Eichborn Berlin, October 2000, 215 pp.
ISBN 3-8218-0693-1

Many horrible things happened in Poland during the war. The author of this magnificent, harrowing novel was a teenage leader in a Hitler youth corps, but once he grew up the scales fell from his eyes and from 1964 onwards he devoted himself to research into these happenings. Rosa is built on his findings over the best part of four decades. The link is a film-maker, Richard, who is researching an atrocity which has poisoned the ground in a remote woodland area in Poland. In the course of his enquiries he discovers the whereabouts of a number of people who had supposedly died or disappeared. Their testimony, given in various forms and styles, provides the narrative framework of the book.

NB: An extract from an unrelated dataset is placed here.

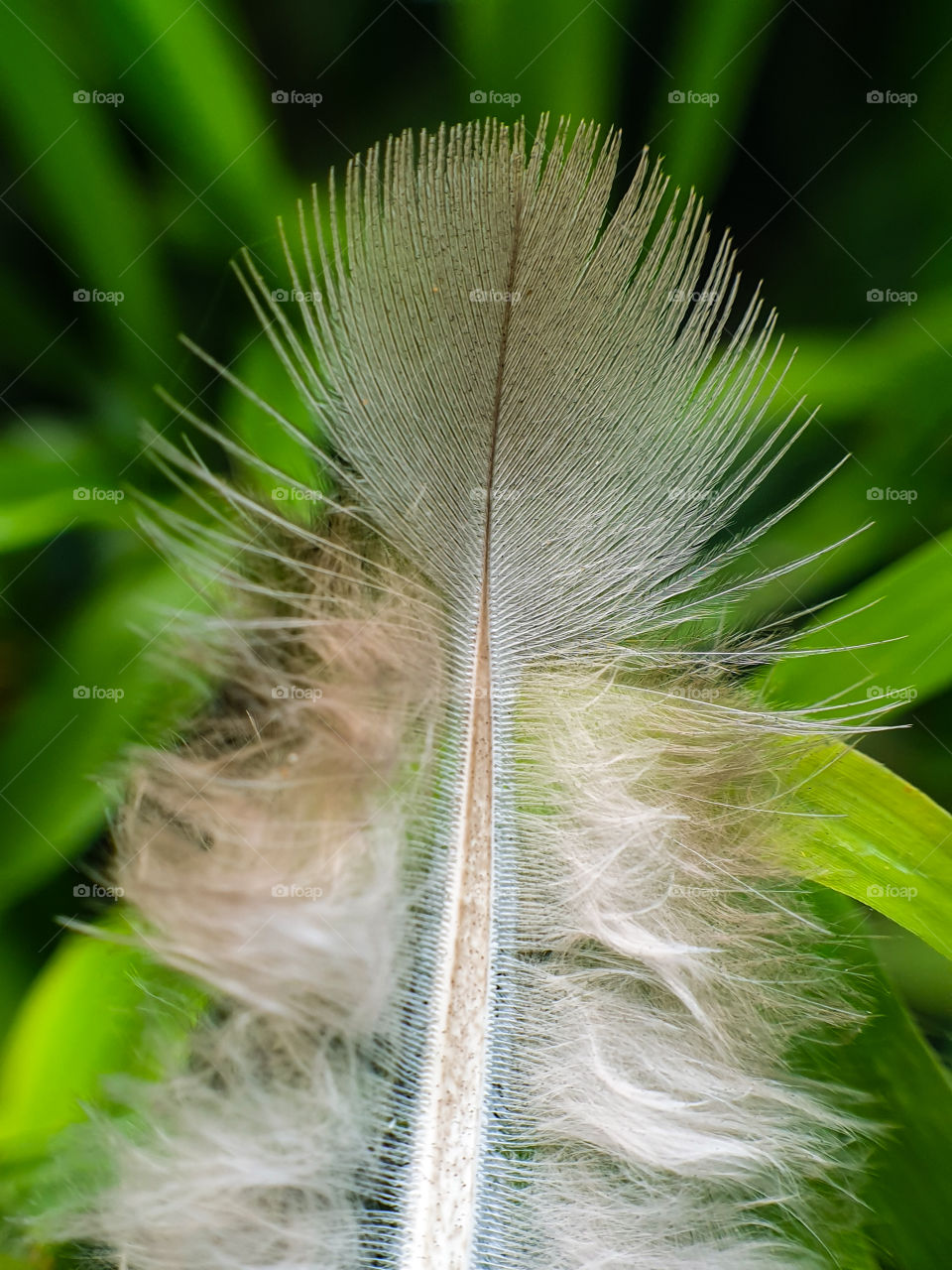 small fearher on the grass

Some of these witnesses are almost illiterate. They are so distressed by remembering what happened that the jerky style in which their interviews are transcribed makes it clear that they could hardly get their words out. Other evidence comes from documents and files (all fictional, one supposes) in Poland and in France. Richard's narrative is often poetic, evocative of the classical German authors and composers to whom he frequently refers. We discover that he spent his last years in Africa with the White Fathers and that his film was never made. But his narrative zigzags backwards and forwards to build up a cinematic picture of what happened and to whom.

Many local villagers were aware of what was going on but not themselves much involved. Others were. Rosa, the central figure, had a large bucketful of gold wedding rings, presumably booty from the camp. Franz Manderholz, a Nazi with whom she had had an affair, was sent by the Germans to fight in Italy, had his jaw shot away by Slovenian partisans, but survived to give evidence.

This is a short book but covers a huge range - in time, geography, human emotions and ethical considerations. It will give British as well as German readers a great deal of food for thought.